Only Got $20 In My Pocket: Treats From Fargo’s European Market

It’s an exciting time to live in Fargo-Moorhead. Two, internationally-influenced markets opened, just within the past five months. Katerina Berg opened the European Market in the late fall and, in February, four individuals from Bhutan opened the Himalayan Grocery.

The European Market is located in Downtown Fargo, down the sidewalk from Nichole’s Fine Pastry. Their Facebook updates describe their latest deliveries from the East Coast including pastries, cheeses, and cured meats. In early January, Forum reporter John Lamb wrote about his visit to the Market and the foods he sampled. I stopped in this past weekend to check it out for myself.

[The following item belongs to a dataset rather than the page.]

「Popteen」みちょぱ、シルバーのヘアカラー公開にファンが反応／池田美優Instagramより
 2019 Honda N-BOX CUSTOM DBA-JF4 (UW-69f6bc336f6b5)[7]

The shop is tiny but features a cross-section of foods from Eastern Europe and Russia. Its selection is limited, but thoughtful, as if the proprietor cut to the chase and picked out her favorite things to feature. I chose a bag of frozen beef and pork pelmini dumplings from the frozen foods case that also containsed frozen blintzes, and additional pelmini varieties in both a veal and sweet variety. Across from the frozen section is a shelf of dry goods. I grabbed a jar of sweet and spicy eggplant spread and buttery crackers. I was also intrigued by jars of fruit preserves and tiny, pickled patty pan squash, though I passed on this visit.

Next, I visited the deli counters featuring cheeses and cured meats. I tend to be a shy and slightly bashful person, but I’m glad I asked Katerina for suggestions. She encouraged me to sample a variety of cheeses, from smoked Gouda to a mild, dimpled cheese from Lithuania. I noticed a few more cheeses in the refrigerated cooler. One appeared soft and spreadable, while another reminded me of feta. Next time, I’ll explore the cured meats. Finally, the cooler to the left of the cheese case featured fancy desserts. Tidy rectangles of layered cakes and pastries in all colors. Like the rest of the store’s offerings, they, too, were affordable.

My bill was $14.

This is frickin’ awesome.

Katerina instructed me to boil the pelmini for seven minutes in salted, boiling water along with a bay leaf and enjoy them with ketchup or sour cream. After I boiled the dumplings, I tossed them into a pan and sauteed them with butter infused with caramelized onions and hot chili.

They were porky and succulent. A nice lunch for two (with leftovers) for $4 a bag. My friend, Yuliya, who coordinates the local Fargo Foodies Network in Fargo makes her own pelmini and recommended this video tutorial. She fills hers with ground beef, garlic, and green onion and serves them with sour cream and sprinkled with dill.

While I was exploring the European market, a couple popped in to visit. They looked around and left without trying anything. Confronting a deli case filled with unfamiliar meats and cheeses can feel intimidating, but don’t be afraid to ask for suggestions or samples. I’ve rarely met a propriator unwilling to show off his or her favorite foods.